Around the world, international broadcasters are using that two-pronged strategy, keeping shortwave where warranted and aggressively getting onto new local stations. By year's end, the VOA will be on local stations in every major Russian population center. The programming is usually offered free, giving struggling new businesses a boost.

The boom in private radio in the former Soviet Union started after the fall of the Berlin Wall in 1989. Restrictions on the importation of radio equipment were lifted, the military began leasing its frequencies for commercial use, and people were hungry for a local source of news.

Hundreds of private stations went on the air, like Echo Moscow. It was started by a group of journalists and came into its own during the 1991 coup.

"It broadcast the real news as it was happening, as opposed to the government station which was broadcasting what the putschists wanted," says Russian journalist Andrei Zolotov.

That helped turn Echo Moscow into one of Russia's leading stations and taught the international broadcasters a lesson. If local radio can provide balanced, fair information, people tend to tune out shortwave. Some international broadcasters, like the BBC, have started new language services and boosted audiences. Others have put their energies into teaching basic journalistic standards to help build the kind of independent local press organizations that nurture democracy.

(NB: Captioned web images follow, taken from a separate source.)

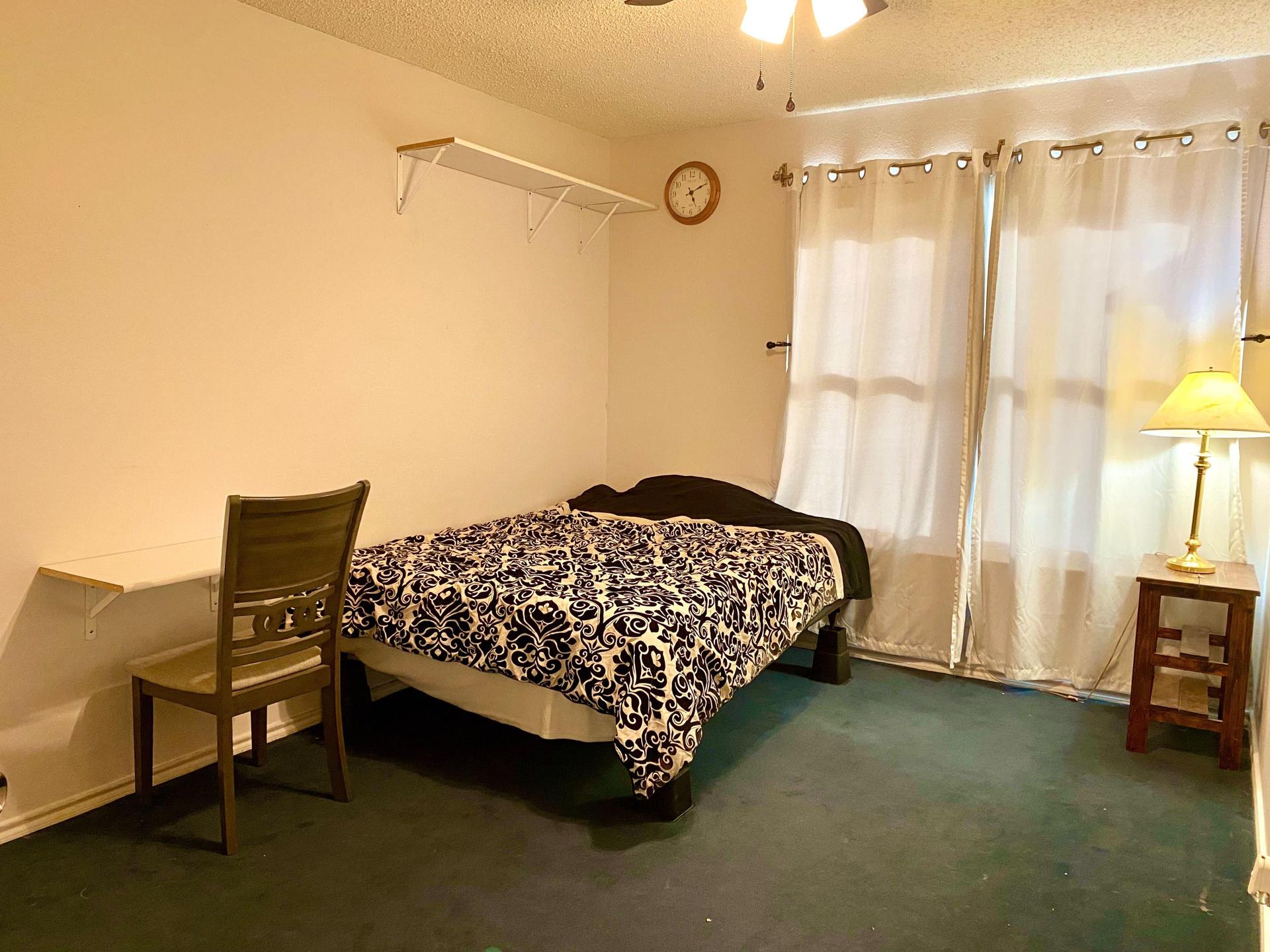 Bedroom 2 with bed and side table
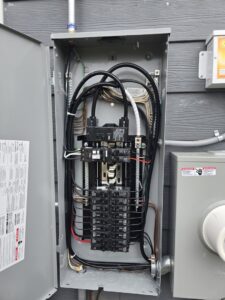 Residential electrical panel with organized wiring and circuit breakers by Access Electrical in Indianapolis, IN.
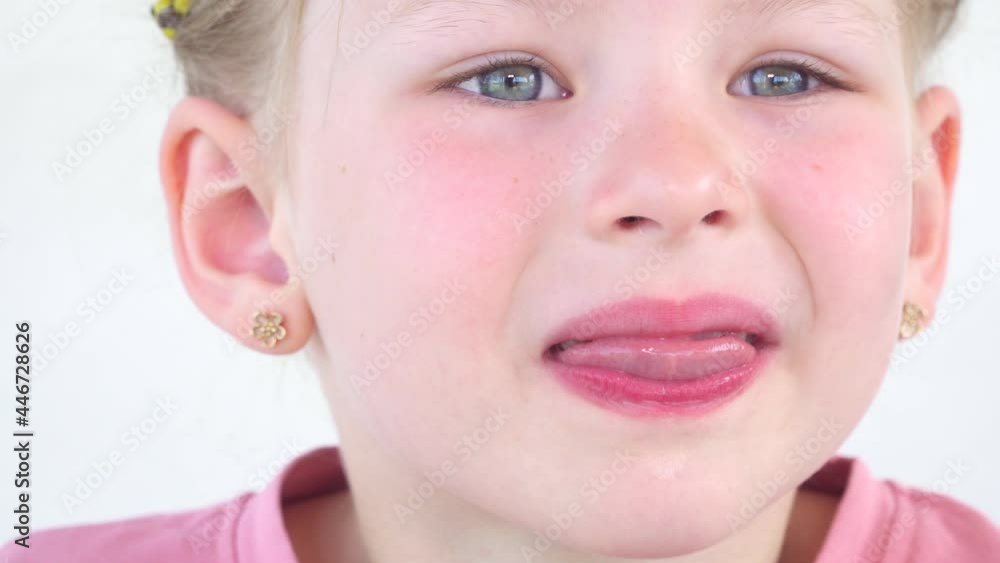 Close up saliva. drool on tongue little girl. The child shows the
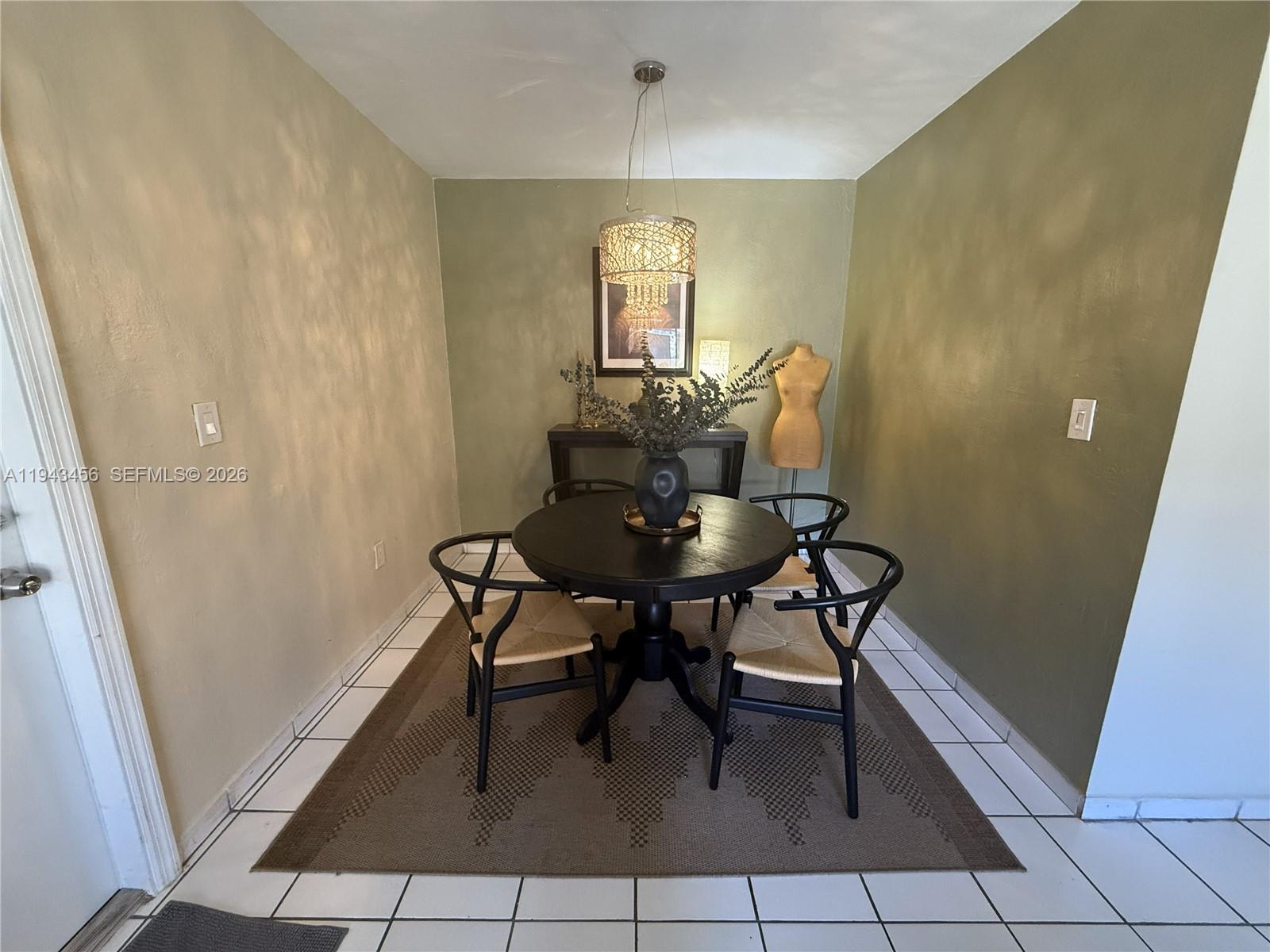 A dining room features a round black table, four chairs, and a decorative pendant light — 7823 Miller Dr # C207, Miami FL 33155, MIAMI, FL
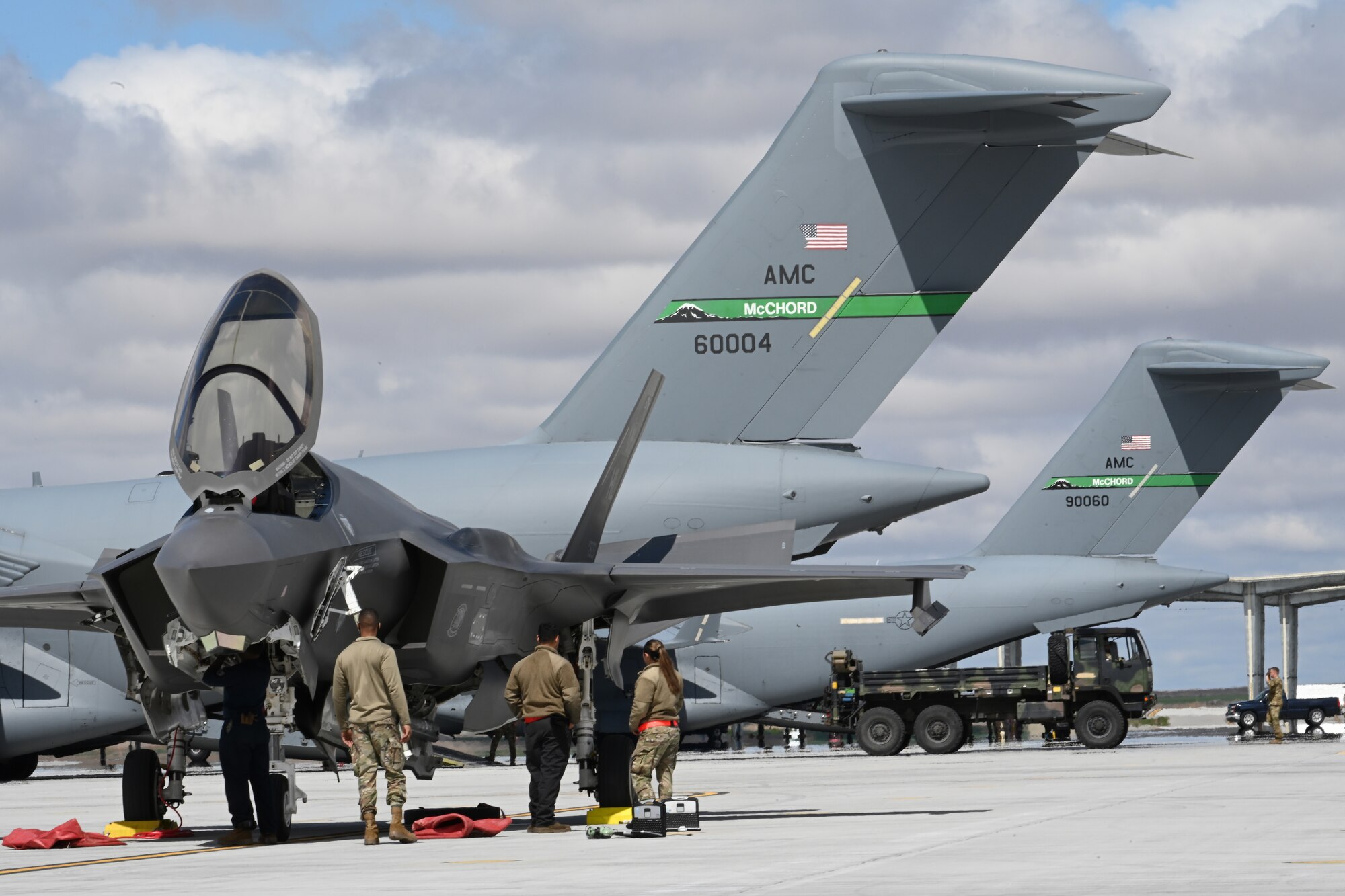 Airmen from Hill Air Force Base, Utah, observe an F-35 Lightning II April 26, 2021, on the flight line at Mountain Home AFB, Idaho. Airmen across the western United States participated in exercise Rainier War, testing their abilities to employ air combat capabilities during a time of potentially imminent foreign aggression. (U.S. Air Force photo by Staff Sgt. Christian Conrad)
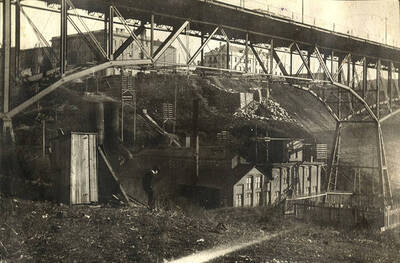 A man stands near the steel bridge with buildings in the background. Spokane Falls in Spokane, Washington.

"A lot of these countries place a great emphasis on journalistic training and seminars as part of the programming exchange," says Betty Tseu, VOA marketing officer for the East Asia region. In Vietnam and Cambodia, the VOA lags in rebroadcast stations, in part because of the political situation (which thawed when the US and Vietnam reopened diplomatic ties this summer) but also because of a lack of training resources.

In China, however, which has recently allowed some commercial radio broadcasts, shortwave's balanced, comprehensive news is still so threatening that the regime routinely jams shortwave signals. Burma (Myanmar) also began jamming this summer after the BBC ran an interview with opposition leader Aung San Suu Kyi.

"The demand for shortwave is still high," says Graham Mytton, head of BBC audience research.

Amid all the change and fluctuation worldwide, international broadcasters are also having to fight for their budgets.

The BBC was level-funded this year, which translates into a 3 or 4 percent cut, after inflation. During the last two years the VOA has been slashed 20 percent, and Congress is looking to cut more.

"To make significant cuts in international broadcasting now would be the equivalent of disarming unilaterally in the information age," says Geoffrey Cowan, director of the VOA.

IRONICALLY, shortwave is enjoying a bit of a renaissance in the very industrialized countries that are cutting back.

The BBC's shortwave audience in the United States has increased by more than 100,000 since the Gulf war in 1991, bringing the total US audience to more than 1 million regular listeners (not including those who listen to BBC rebroadcasts on public radio). Some analysts credit the new digital shortwave radios that make scanning for channels as easy as pushing a button. BBC analysts see the same forces at work that motivate listeners worldwide.

"If people perceive that their local media isn't delivering what they want ..., people will hunt elsewhere for news," says Jerry Timmons, head of Region Americas for the BBC World Service. He sees a dearth of in-depth international news the US. "Particularly among the better-educated and professional classes there is a hunger to get as much information as they can," he says.

Digital technology promises to feed that hunger worldwide. The BBC and Swiss Radio International recently began broadcasting static-free digital audio by satellite. But its future is uncertain: The international community has not agreed on a uniform standard, and digital receivers are expensive.

For the foreseeable future, shortwave will remain the world's only truly global medium that can educate, inform, and - with its soothing voices - also comfort.